Let $v,w$ vector fields along the curve $\alpha:I\rightarrow S$, where $S$ is a regular surface. I need to prove that $$\frac{d}{dt}\left<v(t),w(t)\right>=\left<\frac{Dv}{dt}(t),w(t)\right>+\left<v(t),\frac{Dw}{dt}(t)\right>.$$
What I tried:
Let $\mathbb{x}(u,v)$ a parametrization of $S$. So, we can write $$w(t)=a\mathbb{x}_{u}+b\mathbb{x}_{v}, v(t)=c\mathbb{x}_{u}+d\mathbb{x}_{v}, $$ where $a,b,c,d$ are differentiable functions.

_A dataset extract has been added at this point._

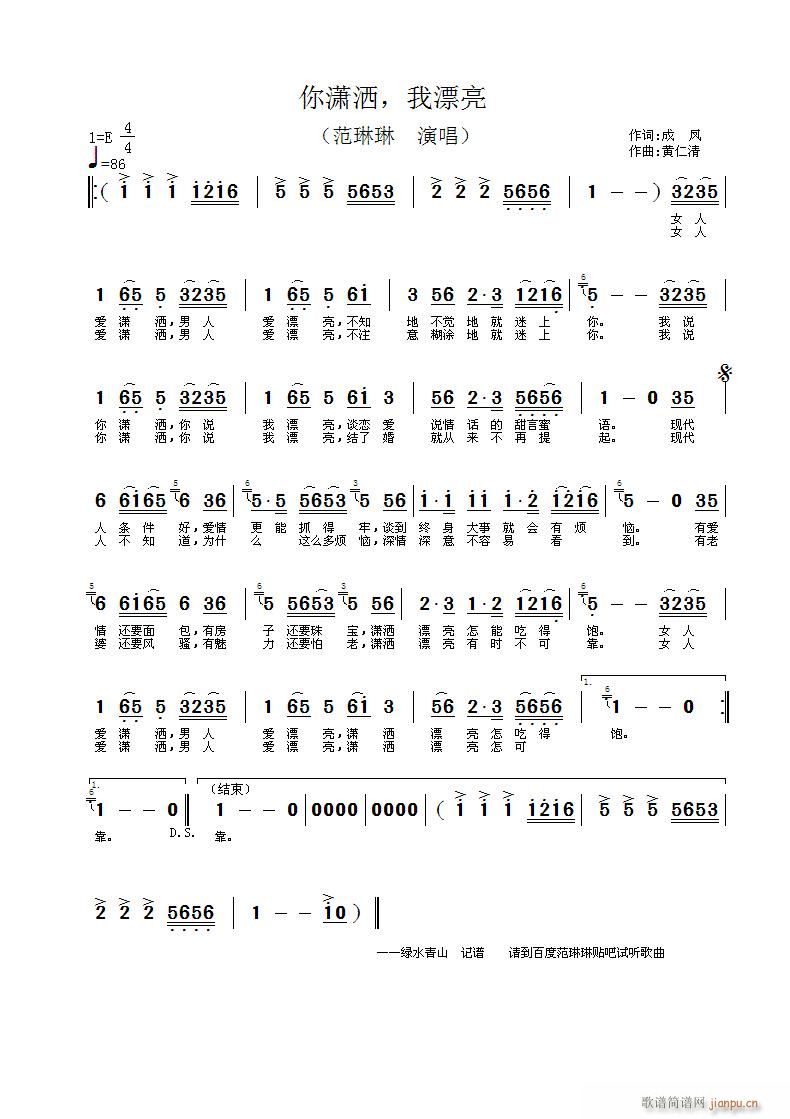 ��t�� ��Ư��(���ָ��V)1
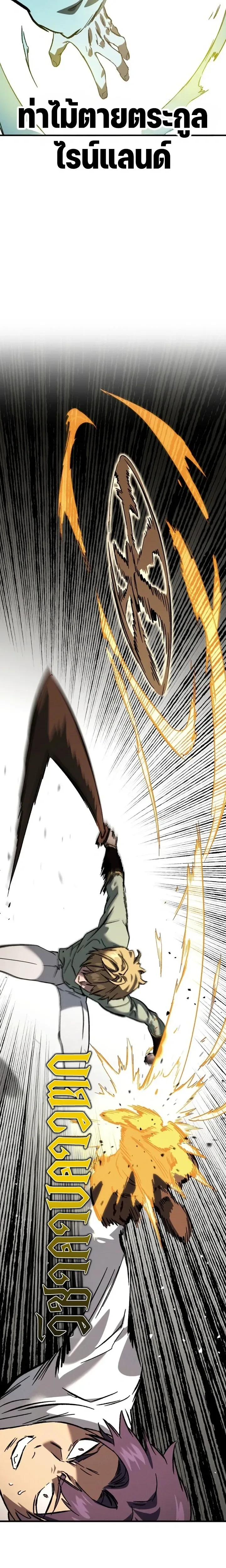 Sword of the Undying เนโครแมนเซอร์แห่งตระกูลดาบ ตอนที่ 1 หน้า 21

So, we have
$$\left<v(t),w(t)\right>=ac+bd\implies \frac{d}{dt}\left<v(t),w(t)\right>=a'c+ac'+b'd+bd'. $$
Well, I don't know how to get the expressions for the covariant derivatives, since they are given by the Christofell symbols.
What can I do?
The intuition is to remeber that $v(t),w(t)$ are vector fields tangents to the surface $S$. See that
$$\frac{d}{dt}\left<v(t),w(t)\right>=\left<v'(t),w(t)\right>+\left<v(t),w'(t)\right>. $$ Not necessarily $v'$ and $w'$ are tangents to the surface $S$, so, write
$$v'(t)=\frac{Dv}{dt}(t)+v_{n}(t), $$ where $v_{n}(t)$ denotes the normal component of $v'(t)$ and $\frac{Dv}{dt}(t)$ is the tangencial component of $v'(t)$. So, $\left<v_{n}(t),w(t)\right>=0,$ since $v_{n}$ are orthogonal to $w$. So,
$$\frac{d}{dt}\left<v(t),w(t)\right>=\left<v'(t),w(t)\right>+\left<v(t),w'(t)\right>=\left<\frac{Dv}{dt}+v_{n}(t),w(t)\right>+\left<v(t),\frac{Dw}{dt}+w_{n}(t)\right> \\ =\left<\frac{Dv}{dt},w(t)\right>+\left<v_{n},w(t)\right>+\left<v(t),\frac{Dw}{dt}\right>+\left<v(t),w_{n}(t)\right>=\left<\frac{Dv}{dt},w(t)\right>+\left<v(t),\frac{Dw}{dt}\right>. $$